MATERIAL FOR THE TASK:
--- START ---

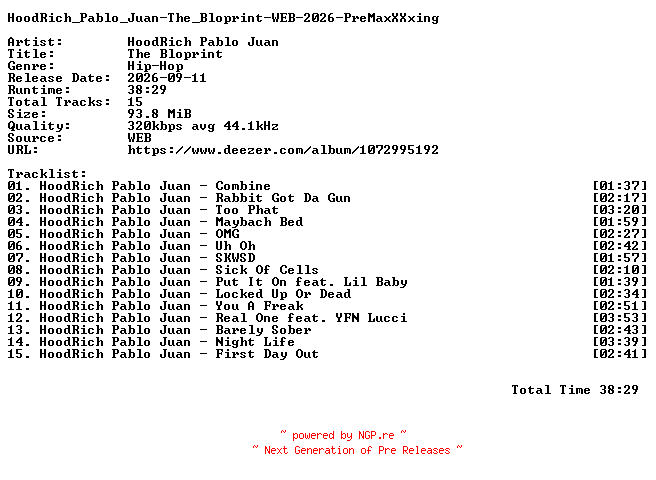 NFO for the release HoodRich_Pablo_Juan-The_Bloprint-WEB-2026-PreMaxXXxing by PreMaxXXxing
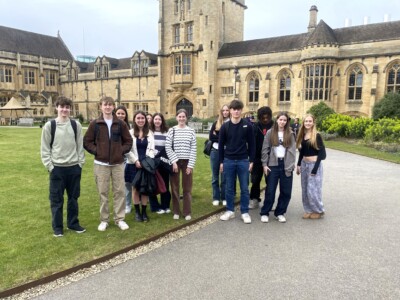 Group Shot Outside Mansfield College
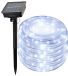 OrangeCartB.V Énergie solaire, tube lumineux LED, guirlande lumineuse de Noël, décoration de cour extérieure, éclairage de fête, petite veilleuse, lumière blanche 12 mètres 100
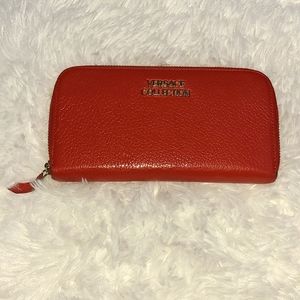 Versace Collection Red Wallet Authentic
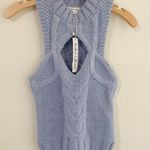 For Love & Lemons // NWT Blue Keke Cable Knit Tank Photo 3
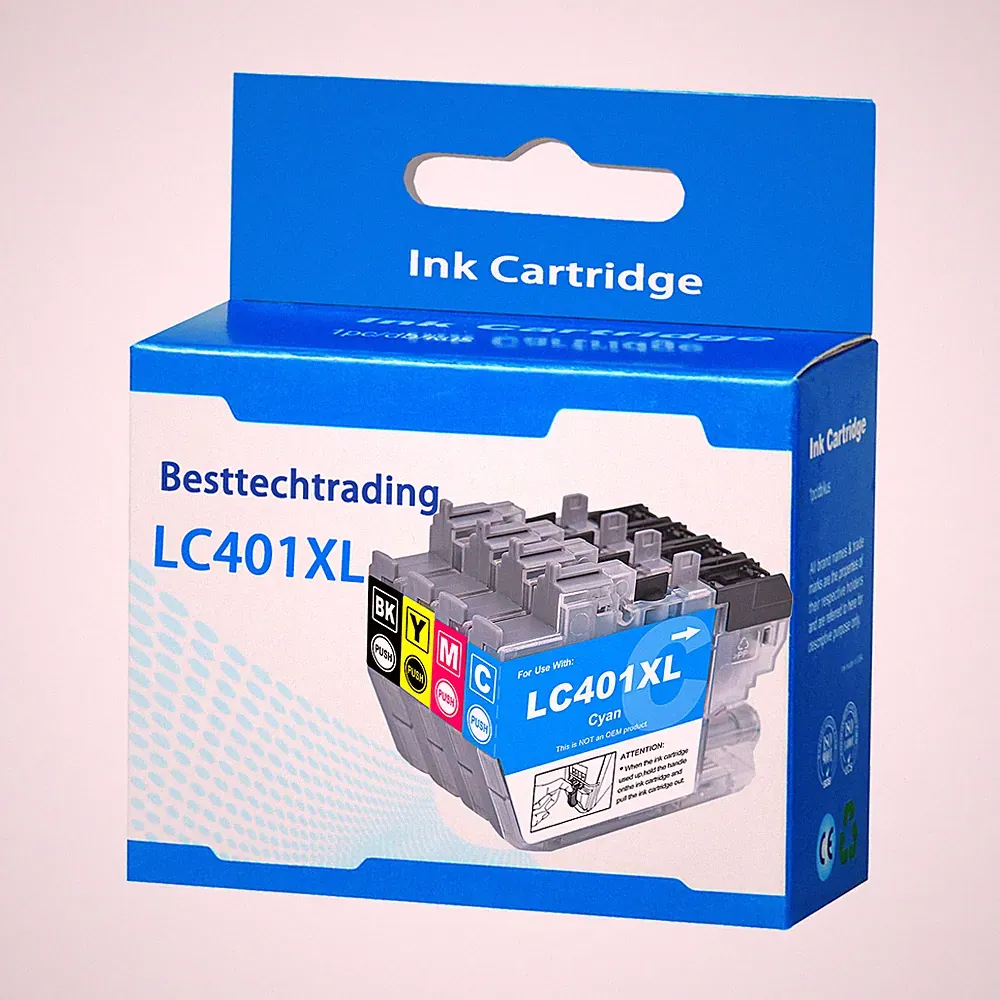 CYBM LC401XL Color Ink Cartridge For Brother MFC-J1010DW MFC-J1170DW J1012DW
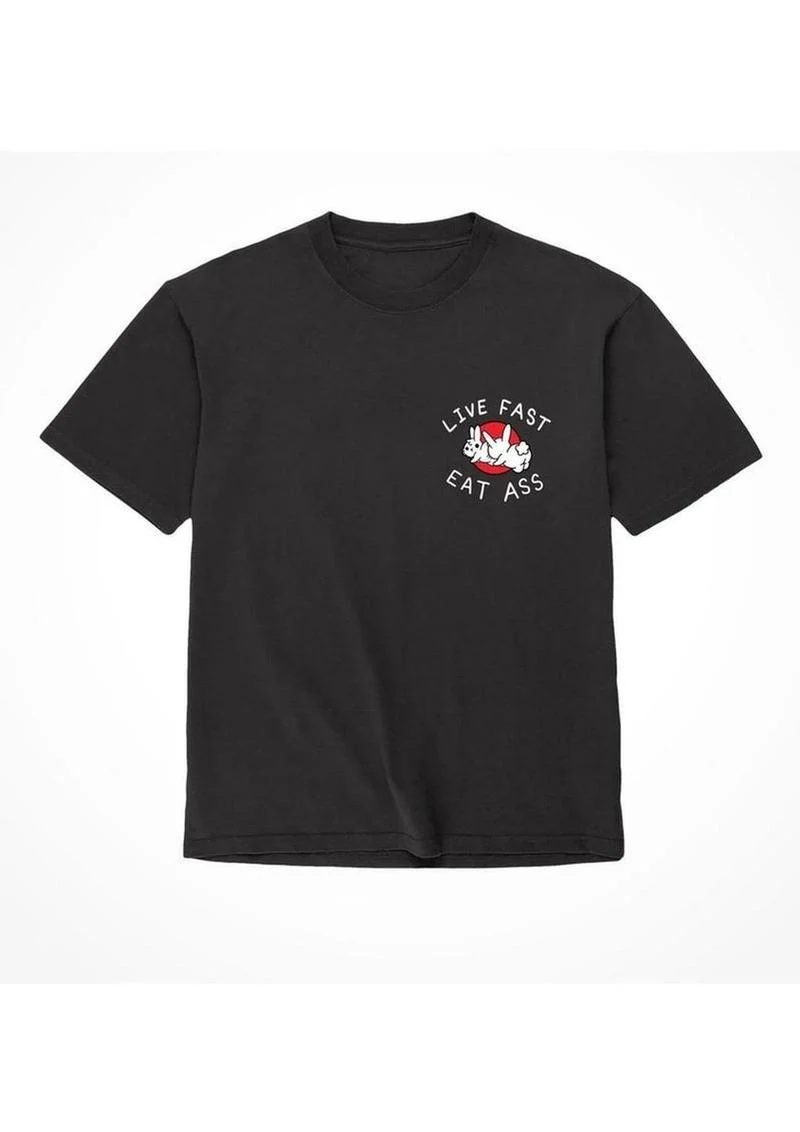Assholes Live Forever Live Fast Eat Ass T-Shirt - Image 5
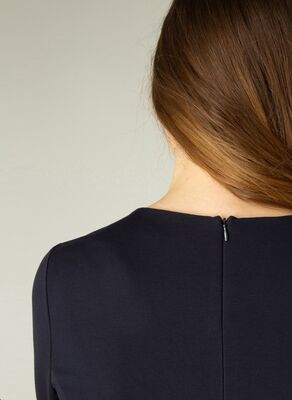 Base Level tummansininen kotelomekko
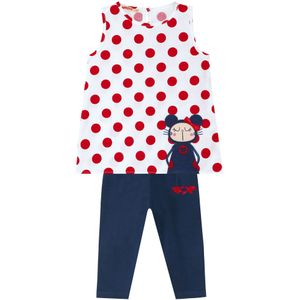 Denokids Trainingspak 'Dotted'  rood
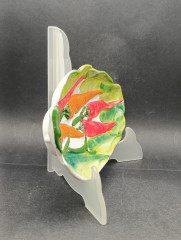 Тарелка сервировочная винтажная &quot;Перчики&quot;, керамика, 24.5 х 12 см, Италия, 1960-70гг.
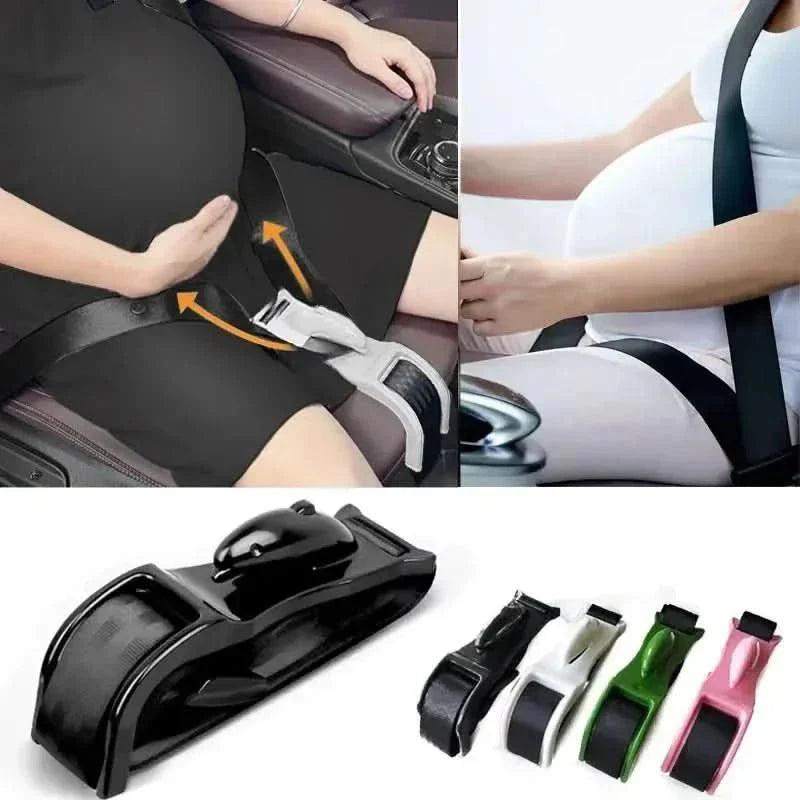 Autozubehör für Schwangere: Spezieller Gurtadapter für optimalen Schutz von Mutter & Babybauch im Auto.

--- END ---

TASK TO CARRY OUT:
Print, please, exactly the lines from the one holding "Denokids Trainingspak 'Dotted'" through the final line of the data, both included, while leaving out each picture.

EXPECTED ANSWER:
 Denokids Trainingspak 'Dotted'  rood
 Тарелка сервировочная винтажная &quot;Перчики&quot;, керамика, 24.5 х 12 см, Италия, 1960-70гг.
 Autozubehör für Schwangere: Spezieller Gurtadapter für optimalen Schutz von Mutter & Babybauch im Auto.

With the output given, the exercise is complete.